The Swordfish is a resident of all Mexican waters of the Atlantic and Pacific Ocean.

The Swordfish can be distinguished from other billfishes by the shape of its elongated “bill” with its excessive length, flattened and oval cross section, the absence of teeth in the jaws, the lack of scales, and the lack of a lateral line.

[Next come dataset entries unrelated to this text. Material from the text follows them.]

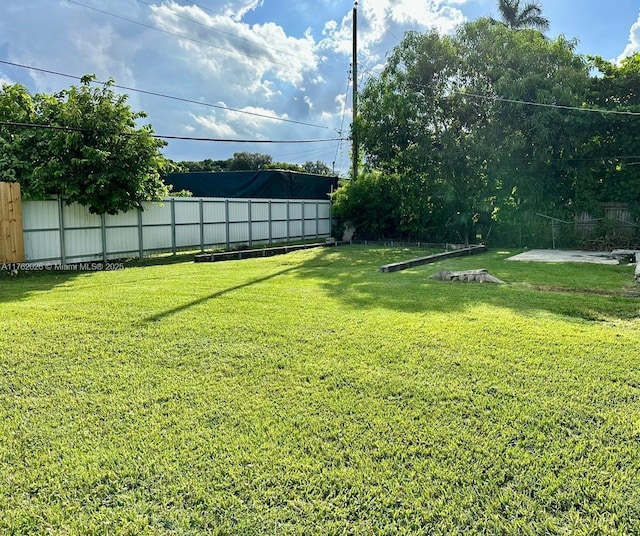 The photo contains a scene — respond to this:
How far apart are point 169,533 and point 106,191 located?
9.58 m

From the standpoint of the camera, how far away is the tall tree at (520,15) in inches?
857

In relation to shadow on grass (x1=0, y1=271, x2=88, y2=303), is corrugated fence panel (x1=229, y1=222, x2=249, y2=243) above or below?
above

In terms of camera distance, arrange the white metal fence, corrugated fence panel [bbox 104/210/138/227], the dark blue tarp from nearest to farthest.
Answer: the white metal fence
corrugated fence panel [bbox 104/210/138/227]
the dark blue tarp

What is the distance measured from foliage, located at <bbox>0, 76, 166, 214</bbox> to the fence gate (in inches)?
23.4

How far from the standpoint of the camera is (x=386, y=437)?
2336 mm

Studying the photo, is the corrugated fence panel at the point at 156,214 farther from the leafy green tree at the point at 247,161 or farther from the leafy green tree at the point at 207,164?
the leafy green tree at the point at 247,161

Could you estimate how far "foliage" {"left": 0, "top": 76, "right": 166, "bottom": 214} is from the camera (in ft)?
30.8

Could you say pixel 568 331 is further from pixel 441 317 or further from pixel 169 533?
pixel 169 533

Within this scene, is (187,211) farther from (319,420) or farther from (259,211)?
(319,420)

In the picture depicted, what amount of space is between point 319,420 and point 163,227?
10797 millimetres

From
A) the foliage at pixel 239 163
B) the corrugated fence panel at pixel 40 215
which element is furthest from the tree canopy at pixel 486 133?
the foliage at pixel 239 163

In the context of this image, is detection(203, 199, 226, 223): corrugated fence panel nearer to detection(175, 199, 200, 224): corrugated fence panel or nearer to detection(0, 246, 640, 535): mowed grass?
detection(175, 199, 200, 224): corrugated fence panel

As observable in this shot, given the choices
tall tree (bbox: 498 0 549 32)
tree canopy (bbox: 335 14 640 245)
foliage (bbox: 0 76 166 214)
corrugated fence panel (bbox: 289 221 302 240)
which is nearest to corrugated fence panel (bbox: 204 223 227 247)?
foliage (bbox: 0 76 166 214)

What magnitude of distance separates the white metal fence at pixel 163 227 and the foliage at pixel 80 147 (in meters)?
0.45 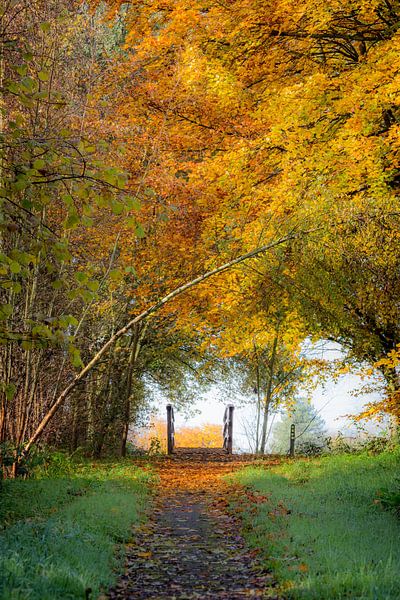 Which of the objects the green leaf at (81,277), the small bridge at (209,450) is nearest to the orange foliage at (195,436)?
the small bridge at (209,450)

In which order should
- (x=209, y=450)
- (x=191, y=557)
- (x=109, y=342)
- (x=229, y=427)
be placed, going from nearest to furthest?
(x=191, y=557)
(x=109, y=342)
(x=229, y=427)
(x=209, y=450)

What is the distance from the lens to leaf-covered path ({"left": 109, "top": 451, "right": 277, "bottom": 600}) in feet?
17.6

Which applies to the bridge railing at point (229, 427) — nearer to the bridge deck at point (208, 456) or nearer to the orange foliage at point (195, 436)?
the bridge deck at point (208, 456)

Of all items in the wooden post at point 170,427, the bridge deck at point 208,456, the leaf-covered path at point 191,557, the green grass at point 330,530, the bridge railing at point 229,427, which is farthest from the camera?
the bridge railing at point 229,427

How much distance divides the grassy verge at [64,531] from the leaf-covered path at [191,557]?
0.76 ft

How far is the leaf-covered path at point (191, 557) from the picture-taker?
5371 mm

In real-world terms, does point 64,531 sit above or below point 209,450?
below

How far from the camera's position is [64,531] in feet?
20.1

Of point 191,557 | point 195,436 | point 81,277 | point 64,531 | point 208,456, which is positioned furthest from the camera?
point 195,436

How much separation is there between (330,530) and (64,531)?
2.71m

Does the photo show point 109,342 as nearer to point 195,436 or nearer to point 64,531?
point 64,531

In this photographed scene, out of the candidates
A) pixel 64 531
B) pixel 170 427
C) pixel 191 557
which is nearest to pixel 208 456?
pixel 170 427

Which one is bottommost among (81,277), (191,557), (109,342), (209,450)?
(191,557)

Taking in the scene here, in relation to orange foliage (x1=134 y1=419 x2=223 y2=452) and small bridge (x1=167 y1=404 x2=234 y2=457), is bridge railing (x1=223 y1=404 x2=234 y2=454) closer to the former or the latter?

From a conservation perspective the Swordfish is currently considered to be ENDANGERED. The Swordfish is heavily pursued by both commercial and recreational anglers on a global basis and subject to overfishing. They are famous for being strong powerful fighters. They are caught commercially at a level of 1,300,000 kg (2,900,000 pounds) from the North Atlantic waters and 100,000 tons globally primarily via long-lines with most of the fish taken in United States waters being sextually immature juveniles. In some regions long-line fishing has been recently banned in many coastal areas. They are considered to very dangerous during the landing process. They are an excellent food fish but are known to contain high levels of mercury. The Swordfish has been a focus on conservation programs including bans on sale and importations over the last thirty years. They were added to the Greenpeace International seafood red list in 2010.

A word of caution: these fish are ginormous wild animals and their spears are very dangerous!